I received a letter from President Roth to Psi U members trying to explain the University’s ban on students entering Psi U (thereby ending the housing plans of members who had secured rooms there, presumably leaving them with the leftover housing slop). While that is unfair to the members as a group, the president’s letter had two more ominous statements. First, “[w]hen we asked Psi U leadership if they had anything to add to this information, we were told no, and that given the ongoing investigation, student members would not be encouraged to come forward and explain.” Second, “I hope that Psi U will find a way to be reintegrated into the housing program at Wesleyan. That will depend on the actions and the plans of the undergraduates over the next several months.”

Especially together, those two quotes suggest the University might be using the Psi U shutdown to pressure students to point fingers at fellow members during an investigation that has yet to result in any public charges. The idea that Wesleyan might undermine its students’ Constitutional right to remain silent troubles me, both as a graduate and an attorney. I often thought when I went there that some Wes students lived in a bubble disconnected from some real world potential consequences of their actions. When, however, the bubble ruptures and students actually face real world consequences, like prison, they should not be stripped of their real world protections. And it also raises other troublesome dynamics. Pretend you are a Psi U member (or even a Eclectic or Westco resident – housing does not matter for this example), and you have broken no laws but know of others that have. If you play the snitch, you risk counteraccusations and suddenly have your own criminal proceeding to fight.

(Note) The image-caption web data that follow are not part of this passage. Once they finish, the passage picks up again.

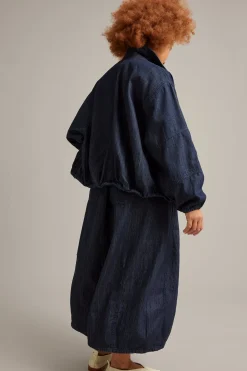 Spódnica barrel z denimu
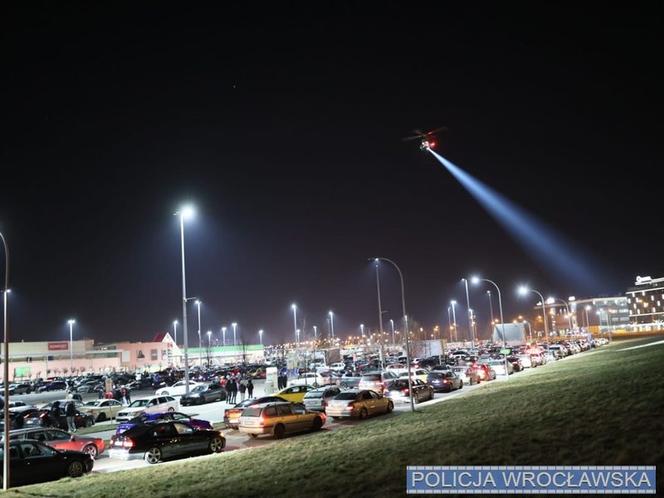 Pościg i policyjny helikopter w akcji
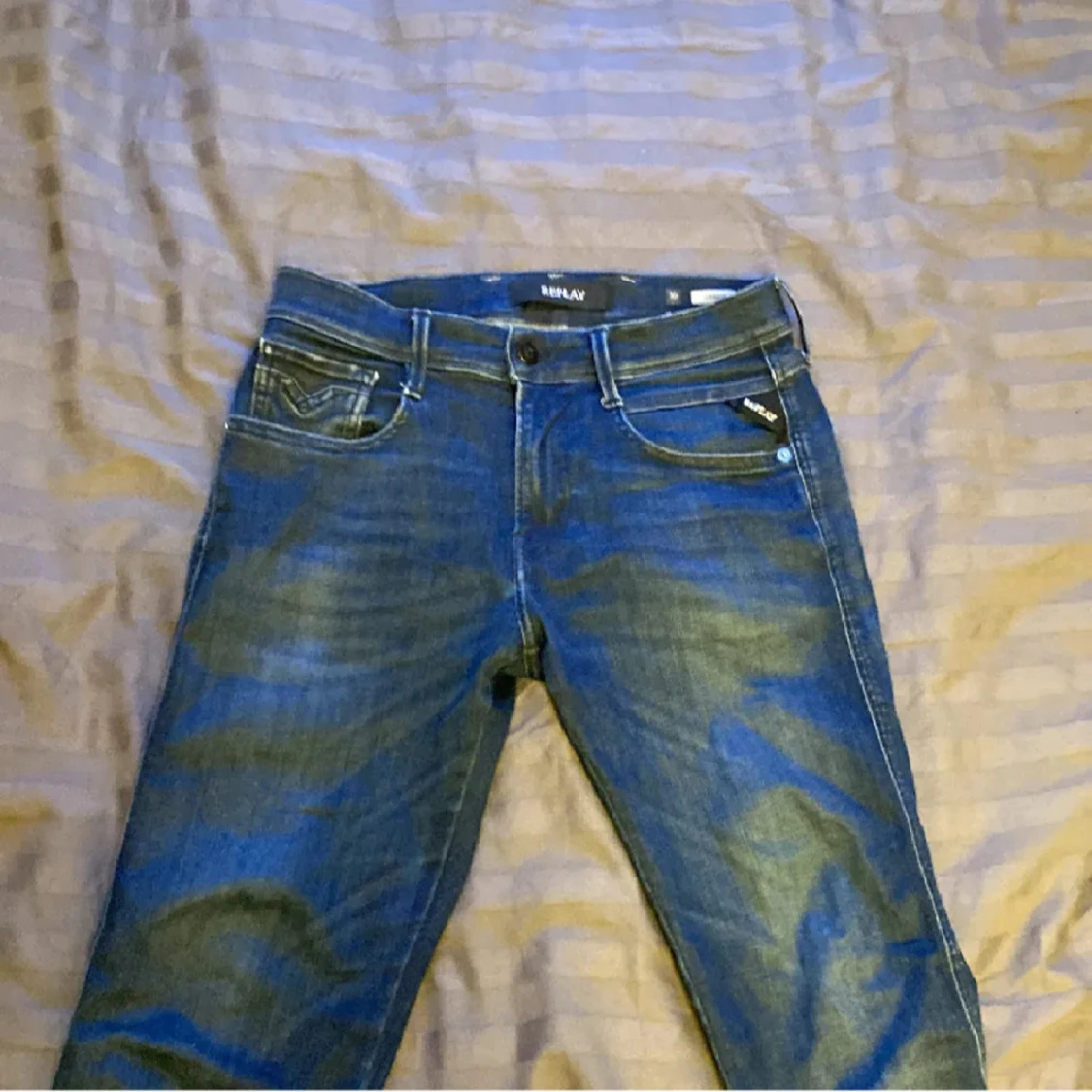 Blå jeansbyxor från Replay - 1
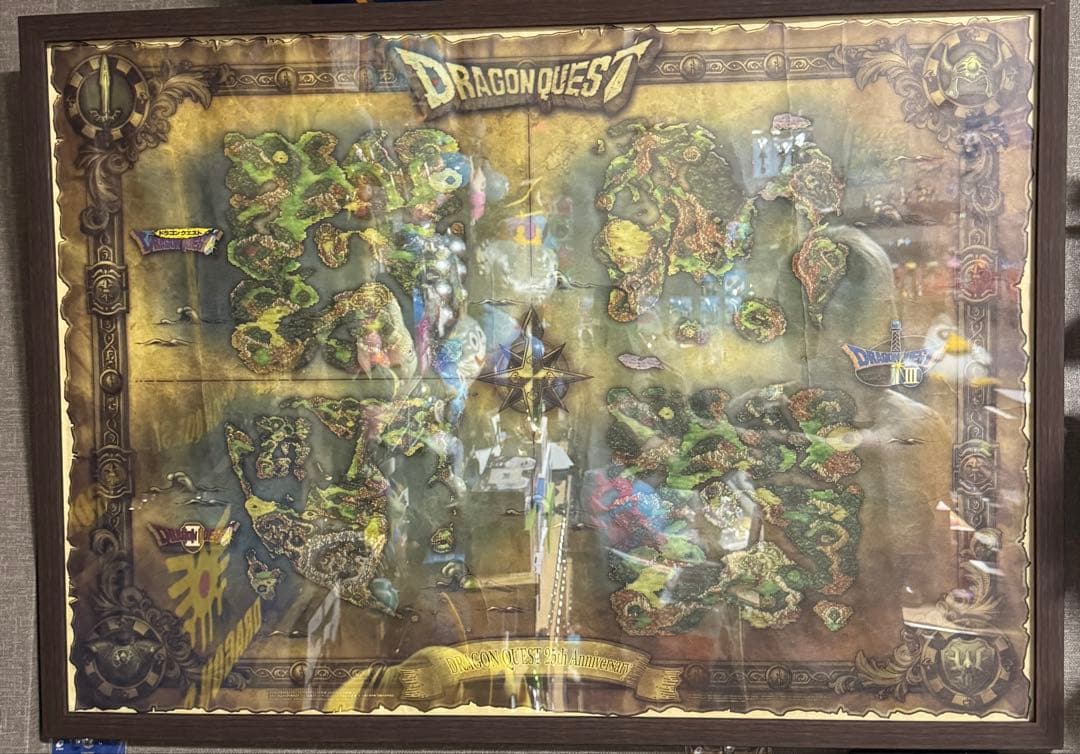 ドラクエ　冒険の世界地図ポスター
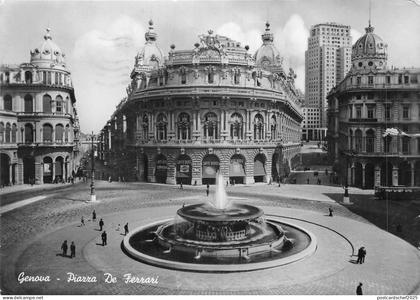 Lot 91 italy real photo  piazza de ferrari genova genoa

Lucky you.

I certainly do not want Psi U to run a drug distribution ring out of the house I once lived in and love, but so far all I have seen are Draconian actions supported by no meaningful evidence. It remains an open possibility that the alleged suspects have graduated or otherwise left the group. If so, why punish the remaining members? Moreover, nothing suggests the entire fraternity, or even most of it, had any involvement in the alleged wrongdoing. And it’s not as if law enforcement doesn’t have its own powerful tools to break witnesses and extract evidence from targets. If the prosecutors really suspect a drug ring, I would expect they are now trying to elicit helpful evidence (whether true or not) by offering immunity or favorable plea deals in exchange.

The fraternity’s members – like everyone – are presumed not guilty unless and until found otherwise in court. Wesleyan is not treating Psi U that way. Beyond that, it apparently would like its own students to compromise their Fifth Amendment rights by speaking when even a greenhorn lawyer would tell them to shut up, no matter whether they had broken the law or not.

Rasmussen is a member of the Class of 1990.

  • Douglas the Bennet

    This is an important statement. Thank you for making it.

  • Anonymous

    Psi U claims “No drugs were purchased” and “this incident occurred during senior week,
    when most of our membership had left school, the chapter was effectively
    not operating, and there were non-members residing in the house.” But they urge their members not to cooperate with any investigation. You can’t try to have it both ways and expect there to be no consequences.

  • Sarah M. Roberts

    I agree with “Douglas,” regarding Rasmussen’s letter.

  • DavidL

    For a long time Wes students and administration looked the other way on drugs. Then a life threatening incident in the dorms that got widespread national attention caused a turn around. Now it’s punish, punish, punish by the administration. Perhaps they should find a way to punish themselves, since the hands off policy of the school administration had a lot to do with the problem in the first place.